But while NYPD officials and residents alike are breathing a sigh of relief that 14 percent fewer violent crimes were reported this year than in 2011, local activists say there is another safety issue they want cops to focus on.

Residents and a City Councilwoman urged McCormack to clamp down on reckless truck drivers in Mott Haven to help put a halt to accidents in which pedestrians have been badly hurt, noting two such accidents had occurred on East 138th St. within a month before the meeting.

“We shouldn’t have to wait until somebody dies to see we have a problem,” said Community Board 1 member Mychal Johnson.

On Dec. 13, 69-year-old Mott Haven resident Ignacio Cubano was struck and killed as he crossed E. 138th St. and St.
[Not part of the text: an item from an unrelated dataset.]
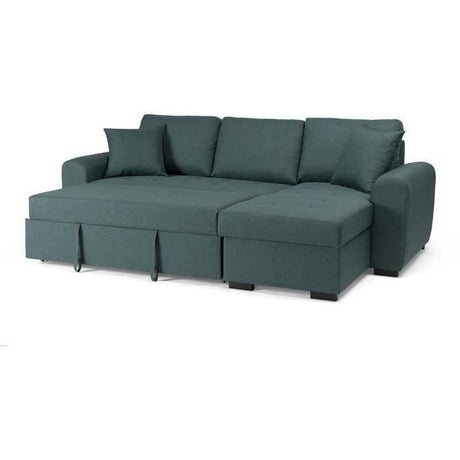 Canapé d'angle convertible réversible 4 places - Tissu Vert - L 244 x P 151 x H 90 - HAMILTON - Fabriqué en Ukraine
Ann’s Avenue. On Jan. 7, an elderly woman was critically injured crossing the same street.

“I drive down Brook Avenue and I’ve had children jump right out between two cars into the street,” said council president Gabriel de Jesus. “This is a big safety issue in our community.”

Trucks that illegally use East 138th St. as a shortcut off the Major Deegan Expressway are to blame, said Harry Bubbins, executive director of the local group Friends of Brook Park. The driver who hit Cubano was not making a local delivery but has not been charged with a crime or issued a summons, Bubbins pointed out.

In 2012, the 40th Precinct didn’t write a single ticket for a truck route violation, he added. McCormack agreed to look into the problem, but added pedestrians have to exercise more caution on 138th St.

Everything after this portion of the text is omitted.